What really is a framework?

A framework is a platform that enables content creation and collaboration. Wikipedia and YouTube never made it big because a few people decided to, on their own, write an encyclopedia or create videos. Instead these websites became popular because they created a framework for a Do-It-Yourself culture to create the content for them.

Traditional companies have a hard time embracing the social collaborative framework. The question of who “owns” this new “product” begin to emerge. Does it belong to research and development, marketing, external communications, or sales department?

The answer is that a framework belongs to the company and should be a tool that each of these departments utilises and leverages to the extent they want.

Unfortunately, many times chaordic/organic collaboration falls into the hands of only one of these groups and we see the marketing department creating a social game to promote the brand, while the research and development team struggle to create a new product the company can sell. This is the medical equivalent of the digestive system deciding that it controls the autonomic nervous system and hijacking it for a very narrow purpose.

An effective framework should lower the barrier to entry for people to participate, share, and collaborate on information in projects, while keeping the information organised enough to be useful. These are busy times and we are busy people who don’t want to spend out free time writing an encyclopedia, but we are willing to contribute and correct entries that are of interest to us.
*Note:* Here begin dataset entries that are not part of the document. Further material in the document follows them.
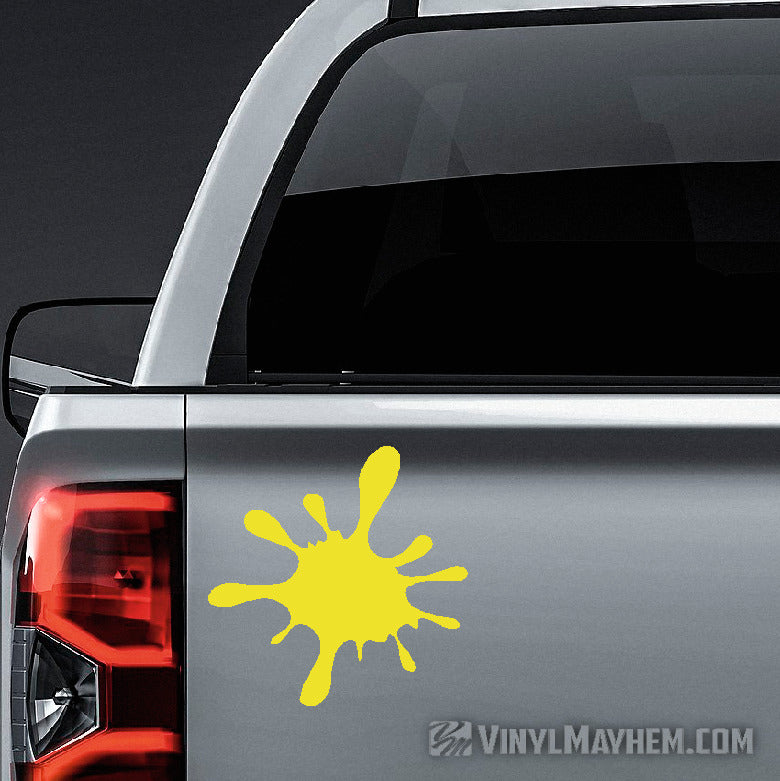 Paintball splat vinyl sticker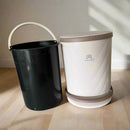 Stylish 8L Pedal Waste Bin Quilted Art Leather Design, Soft-Close Lid Random Color By APT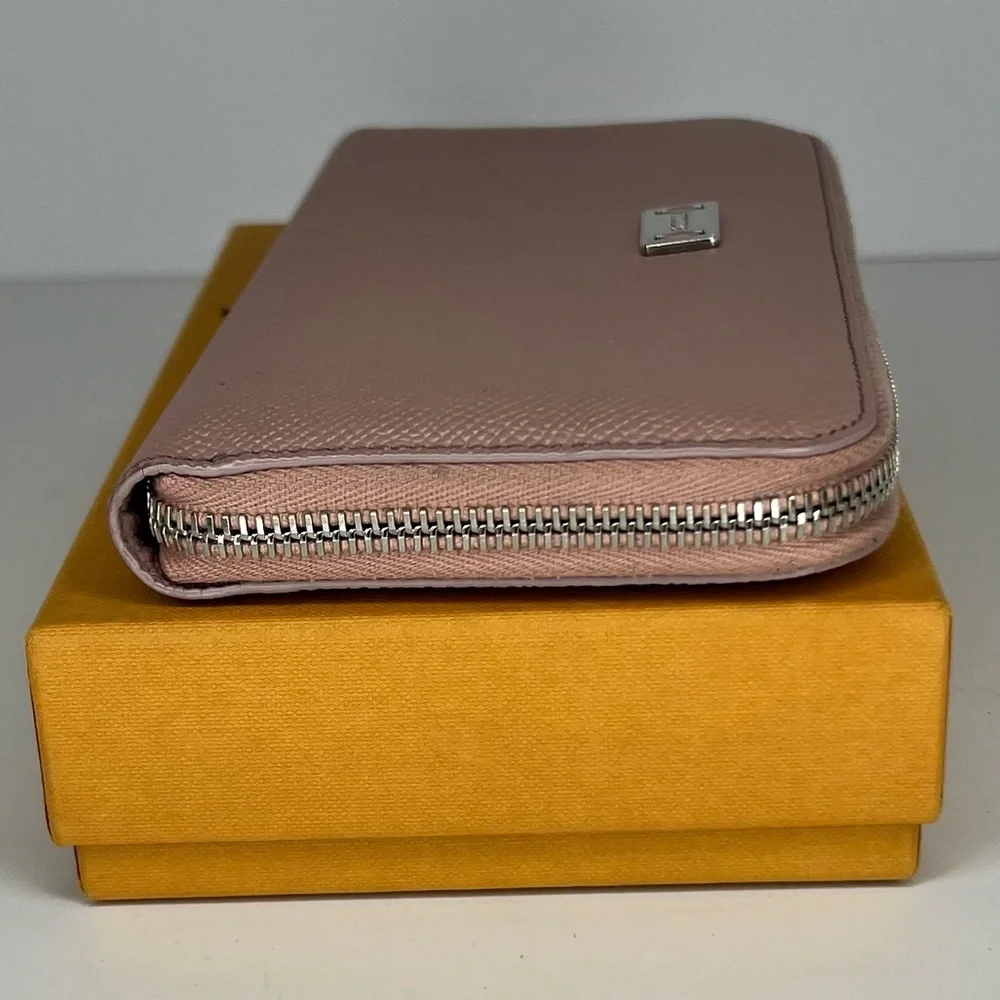 TOD'S Pink Saffiano‎ Leather Zip-Around Long Continental Luxury Wallet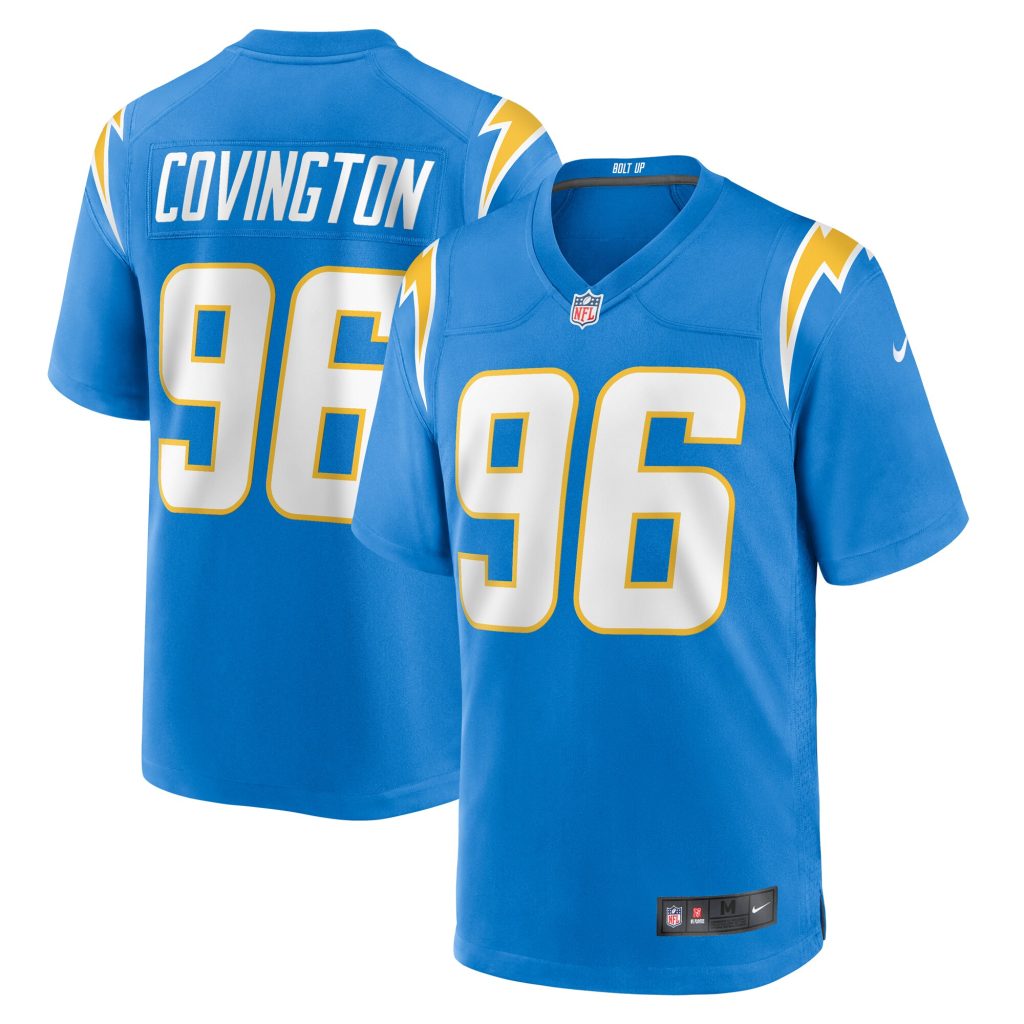 Christian Covington Los Angeles Chargers Nike Team Game Jersey -  Powder Blue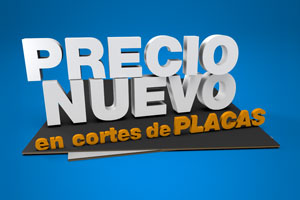 ¡Nuevos precios! Cortes de placas 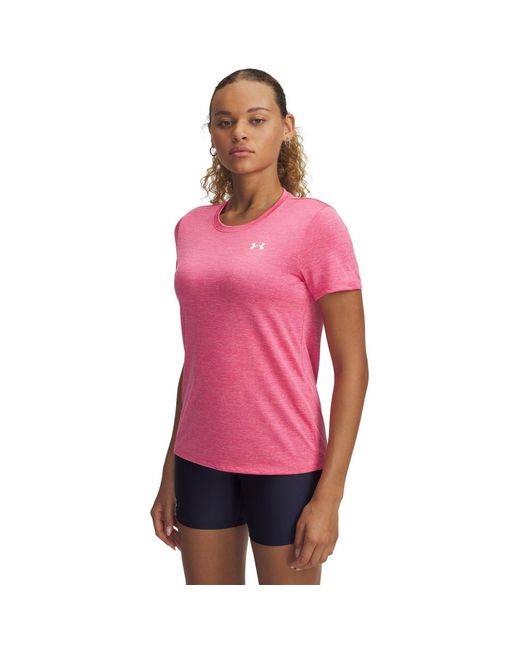 Under Armour Pink Tech Twist Short Sleeve
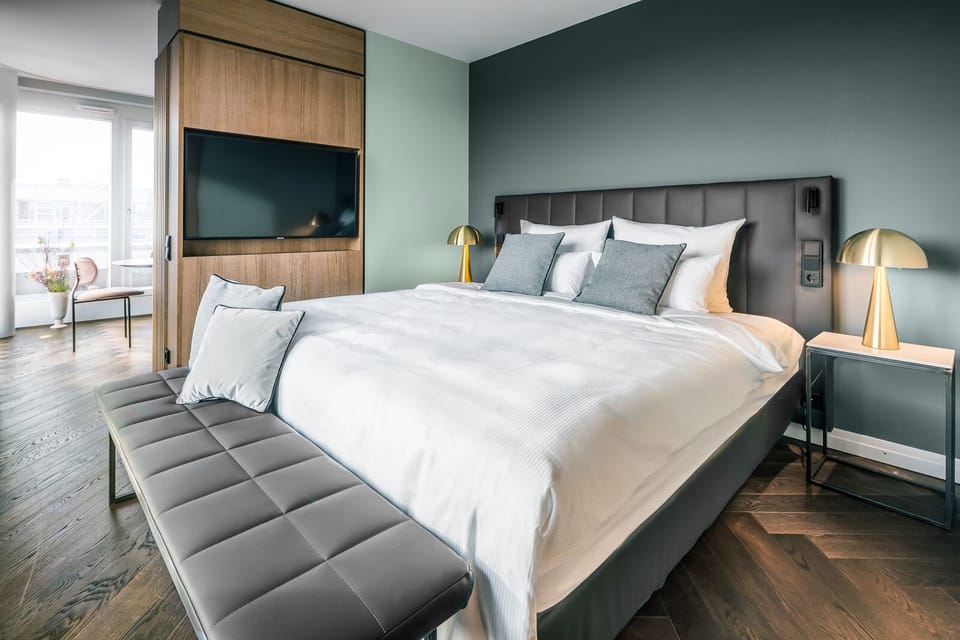Familienzimmer | Premium bedding, in-room safe, blackout drapes, soundproofing
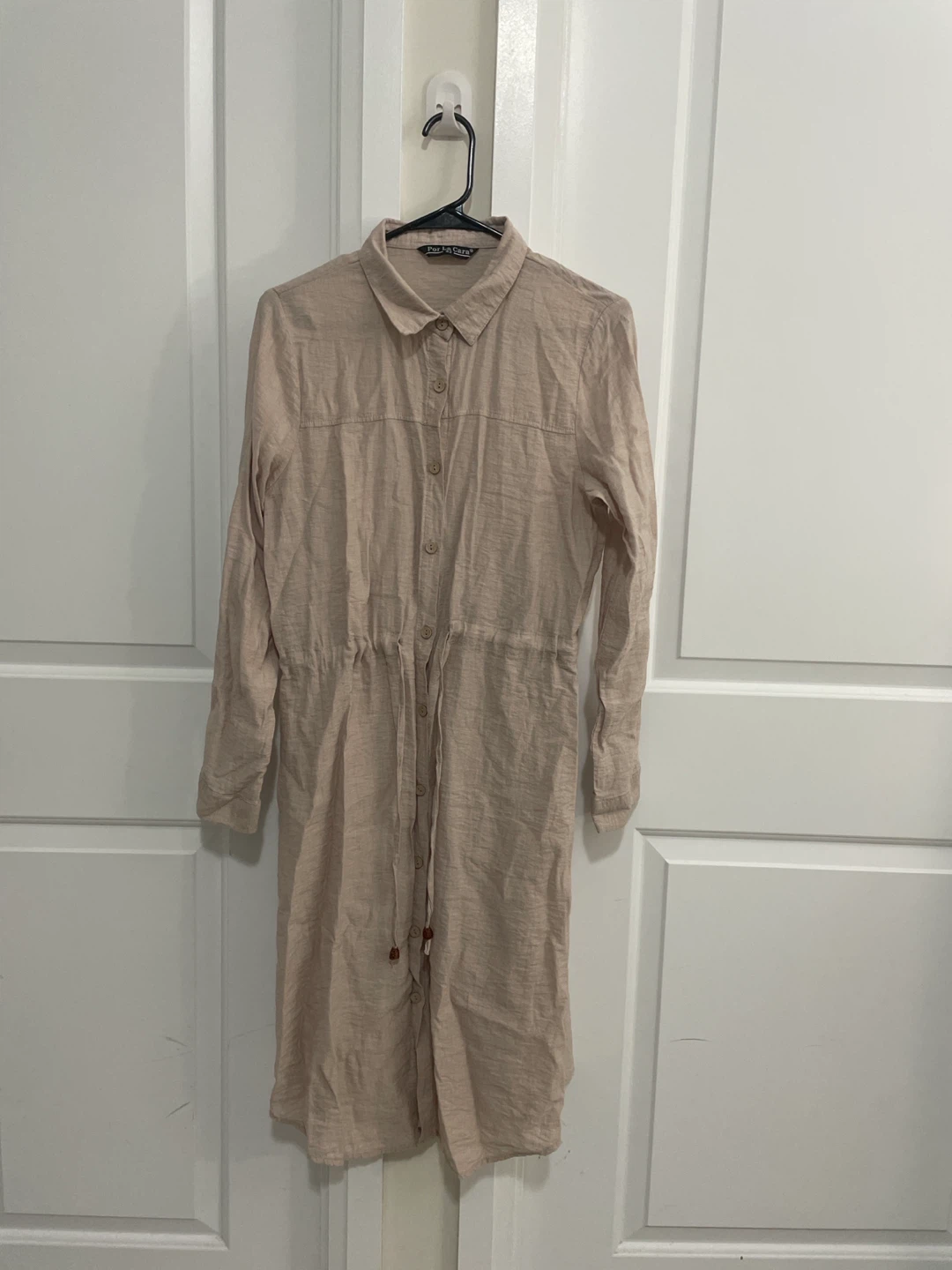 Beige Shirt Dress
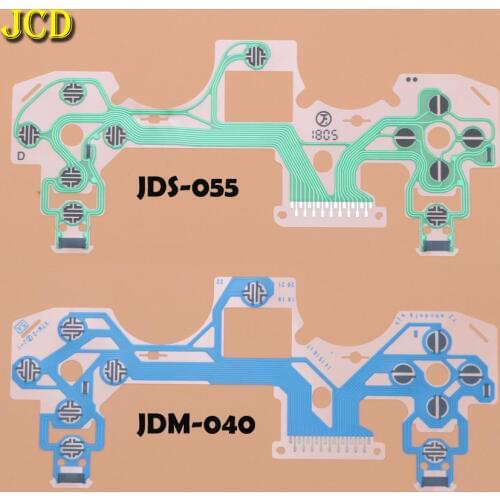JCD 1Pcs Replacement Buttons Ribbon Circuit Board for PS4 Dualshock 4 Pro Slim Controller Conductive Film Keypad flex Cable PCB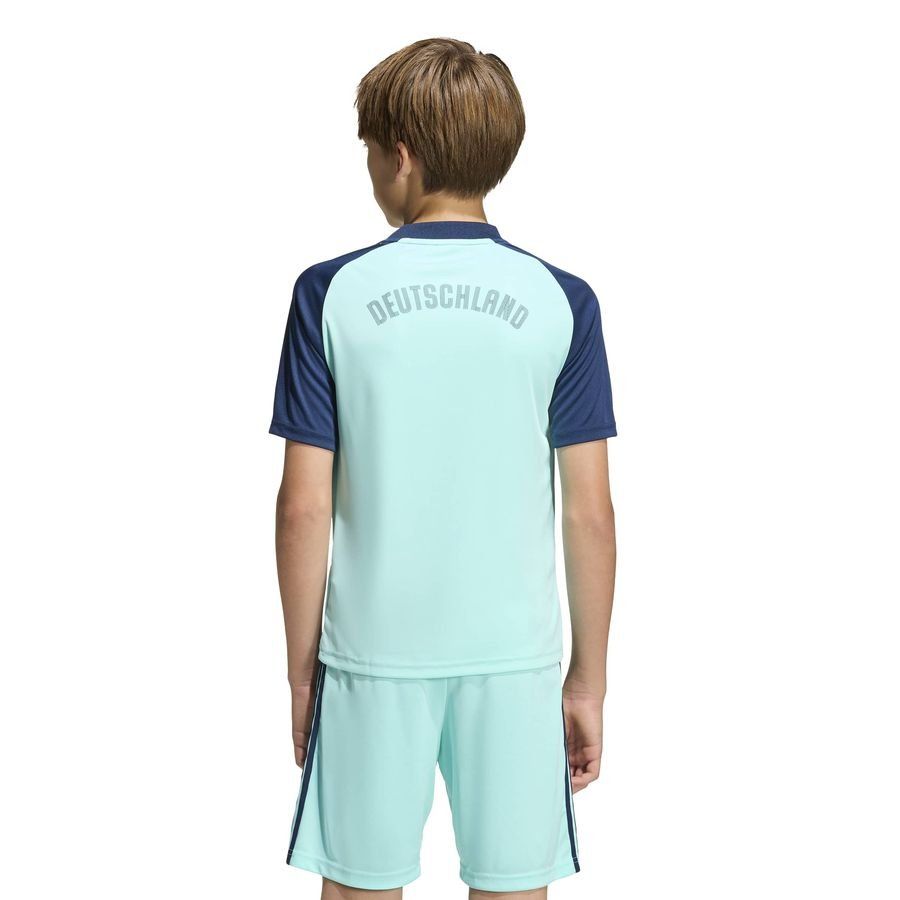 Germany Training T-Shirt Pre Match Away World Cup 2026 - Flash Aqua Kids-SoccerKits Hub | Buy Soccer Jerseys Online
How this impacts every area of your business

“What does this mean for my company?” you ask.

The net effect is that companies need to stop thinking about creating white-papers, marketing materials, and position statements that result in highly polished cannon fodder that nobody ever reads. Having glossies/slicks in front of your convention booth is par for the course, but an entirely necessary evil. The absence of them implies you have no information. But never have I heard someone say they’ll do anything but throw this material away.

Even if the white-paper you write is highly polished and read by a few people, how much content can you individually create?

Every minute members of YouTube upload over 60 hours of video. Even if the majority of that content is nothing but mental fodder, those videos that go viral empower the marketing that drives value in the site. In addition, YouTube has capitalised on the long-tail approach towards market ownership by building a framework that all segments of the video creation spectrum can participate in.